Gesetzestext

 

1Das Familiengericht kann das Annahmeverhältnis, das zu einem Volljährigen begründet worden ist, auf Antrag des Annehmenden und des Angenommenen aufheben, wenn ein wichtiger Grund vorliegt. 2Im Übrigen kann das Annahmeverhältnis nur in sinngemäßer Anwendung der Vorschrift des § 1760 Abs. 1 bis 5 aufgehoben werden. 3An die Stelle der Einwilligung des Kindes tritt der Antrag des Anzunehmenden.

 

Rn 1

Der Anwendungsbereich der Norm ist beschränkt auf Fälle der Volljährigenadoption.
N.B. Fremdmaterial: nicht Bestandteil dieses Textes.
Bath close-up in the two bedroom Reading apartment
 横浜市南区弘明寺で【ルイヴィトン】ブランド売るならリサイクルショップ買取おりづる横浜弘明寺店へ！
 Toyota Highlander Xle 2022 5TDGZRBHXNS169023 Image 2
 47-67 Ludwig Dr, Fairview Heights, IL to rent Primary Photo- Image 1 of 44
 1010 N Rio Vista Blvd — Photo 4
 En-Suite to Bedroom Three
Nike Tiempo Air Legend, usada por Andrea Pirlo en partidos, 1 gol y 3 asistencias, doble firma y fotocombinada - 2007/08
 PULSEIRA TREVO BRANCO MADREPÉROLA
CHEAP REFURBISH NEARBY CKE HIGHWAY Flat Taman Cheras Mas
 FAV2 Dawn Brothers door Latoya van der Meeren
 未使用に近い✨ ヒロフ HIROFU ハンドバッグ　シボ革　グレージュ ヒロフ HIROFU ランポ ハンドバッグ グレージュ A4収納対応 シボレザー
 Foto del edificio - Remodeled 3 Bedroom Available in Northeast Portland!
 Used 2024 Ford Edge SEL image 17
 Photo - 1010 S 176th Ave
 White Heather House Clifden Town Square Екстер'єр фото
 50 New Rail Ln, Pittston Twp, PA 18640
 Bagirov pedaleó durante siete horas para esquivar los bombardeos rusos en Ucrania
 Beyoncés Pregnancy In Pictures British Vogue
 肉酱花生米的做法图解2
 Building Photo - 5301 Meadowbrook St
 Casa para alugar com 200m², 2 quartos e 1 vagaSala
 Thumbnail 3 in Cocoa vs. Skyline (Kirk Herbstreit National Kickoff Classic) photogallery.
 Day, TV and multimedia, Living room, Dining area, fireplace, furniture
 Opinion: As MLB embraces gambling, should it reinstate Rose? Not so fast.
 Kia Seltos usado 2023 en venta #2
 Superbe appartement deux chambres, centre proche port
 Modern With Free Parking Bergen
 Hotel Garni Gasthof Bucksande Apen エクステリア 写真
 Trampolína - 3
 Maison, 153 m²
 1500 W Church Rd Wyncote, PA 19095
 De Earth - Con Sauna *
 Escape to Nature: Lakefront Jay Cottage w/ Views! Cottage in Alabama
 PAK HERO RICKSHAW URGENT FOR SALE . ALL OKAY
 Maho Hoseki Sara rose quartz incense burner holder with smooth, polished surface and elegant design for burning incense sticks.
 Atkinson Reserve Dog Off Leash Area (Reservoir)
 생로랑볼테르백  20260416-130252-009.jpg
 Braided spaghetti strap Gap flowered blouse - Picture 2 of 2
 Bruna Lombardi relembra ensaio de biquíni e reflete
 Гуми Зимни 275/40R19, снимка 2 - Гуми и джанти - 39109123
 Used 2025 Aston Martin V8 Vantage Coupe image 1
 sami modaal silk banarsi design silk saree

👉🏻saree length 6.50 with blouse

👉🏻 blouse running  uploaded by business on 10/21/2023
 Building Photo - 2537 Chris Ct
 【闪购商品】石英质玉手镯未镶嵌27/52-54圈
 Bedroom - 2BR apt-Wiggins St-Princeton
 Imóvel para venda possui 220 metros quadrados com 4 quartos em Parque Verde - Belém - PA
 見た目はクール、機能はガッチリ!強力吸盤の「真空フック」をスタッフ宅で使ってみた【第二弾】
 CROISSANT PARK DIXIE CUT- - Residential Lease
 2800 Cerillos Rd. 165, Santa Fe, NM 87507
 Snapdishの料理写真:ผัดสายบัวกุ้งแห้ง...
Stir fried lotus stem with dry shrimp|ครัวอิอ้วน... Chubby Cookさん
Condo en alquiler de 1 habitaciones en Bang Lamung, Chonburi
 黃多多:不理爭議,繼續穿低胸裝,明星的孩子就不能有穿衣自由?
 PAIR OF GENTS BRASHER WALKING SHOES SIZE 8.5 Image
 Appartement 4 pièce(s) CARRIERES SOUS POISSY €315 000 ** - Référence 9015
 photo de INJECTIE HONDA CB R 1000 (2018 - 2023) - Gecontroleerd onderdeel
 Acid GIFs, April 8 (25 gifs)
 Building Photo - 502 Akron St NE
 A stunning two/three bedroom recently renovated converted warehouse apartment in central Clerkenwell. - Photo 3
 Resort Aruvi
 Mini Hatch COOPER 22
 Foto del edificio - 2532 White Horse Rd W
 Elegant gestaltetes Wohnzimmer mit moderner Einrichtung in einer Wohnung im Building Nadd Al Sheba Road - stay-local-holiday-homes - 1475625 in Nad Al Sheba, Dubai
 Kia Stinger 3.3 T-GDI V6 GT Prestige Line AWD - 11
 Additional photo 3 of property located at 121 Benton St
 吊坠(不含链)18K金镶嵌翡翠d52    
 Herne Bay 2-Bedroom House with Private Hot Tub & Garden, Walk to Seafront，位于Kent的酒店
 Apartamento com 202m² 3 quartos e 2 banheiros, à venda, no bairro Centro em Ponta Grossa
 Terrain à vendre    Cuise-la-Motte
Nach allgM kann die Norm weder unmittelbar noch im Wege der verfassungskonformen Auslegung oder analog auf Volljährige angewendet werden, die zum Zeitpunkt der Annahme minderjährig waren (BGH FamRZ 14, 930).

 

Rn 1a

Das Gesetz unterscheidet die Aufhebung aus wichtigem Grund (S 1) und die Aufhebung aufgrund von Willensmängeln (S 2 und 3), die auch auf einseitigen Antrag möglich ist (BeckOGK/Löhnig, 1.4.21, BGB § 1771 Rz 25).

 

Rn 1b

Eine Aufhebung kommt zunächst in Betracht bei Vorliegen eines wichtigen Grundes. Ein solcher ist zu bejahen, wenn für den Annehmenden oder Angenommenen ein Fortbestand der Annahme unzumutbar geworden ist, falls also eine dem Eltern-Kind-Verhältnis entspr emotionale Beziehung nicht entstehen kann (Stuttg NJW-RR 10, 1231 [OLG Stuttgart 16.03.2010 - 15 UF 36/10]). In Abweichung von der Minderjährigenadoption bedarf diese Aufhebung bei Volljährigen eines Antrags sowohl des Annehmenden als auch des Angenommenen (BGH NJW 88, 1139 [BGH 16.12.1987 - IVb ZB 68/87]).

 

Rn 1c

Soweit § 1771 2 auf § 1760 I verweist, kommt eine Aufhebung mangels Einwilligung der Eltern nicht in Betracht, da diese für eine Erwachsenenadoption unerheblich ist. Auch der Verweis auf die Möglichkeit der Nachholung der elterlichen Einwilligung nach § 1760 V ist offensichtlich gegenstandslos.

 

Rn 2

Als weitere Aufhebungsgründe sind die Erklärungsmängel des § 1760 II entspr auf die Aufhebung anzuwenden. Mangels einer Einwilligung des Kindes bei der Volljährigenadoption tritt nach § 1771 S 3 an deren Stelle der Antrag des Anzunehmenden.

 

Rn 2a

Zwar bestimmt die Vorschrift insgesamt keine eigenen Fristen, jedoch ist aufgrund der Verweisung des § 1767 II auch die Frist nach § 1762 II zu beachten (München NJOZ 2007, 2423, 2425). Ab Kenntnis des wichtigen Grundes oder der Mängel nach § 1760 muss der Antrag binnen Jahresfrist wirksam gestellt werden und ist unzulässig, wenn die Annahme länger als drei Jahre zurückliegt.

 

Rn 3

Neben den gesetzlich geregelten Aufhebungsgründen des § 1771 kommt in besonders schweren Fällen auch eine gesetzlich nicht normierte Nichtigkeit der Annahme in Betracht, etwa dann, wenn der Ausspruch der Annahme jeglicher rechtlicher Grundlage entbehrt oder eine vom Gesetz nicht vorgesehene Rechtsfolge beinhaltet. Die normierten Aufhebungsgründe des § 1760 II, auf die § 1771 S 2 verweist, können gerade nicht als Nichtigkeitsgründe angesehen werden (Oldbg FamRZ 19, 903).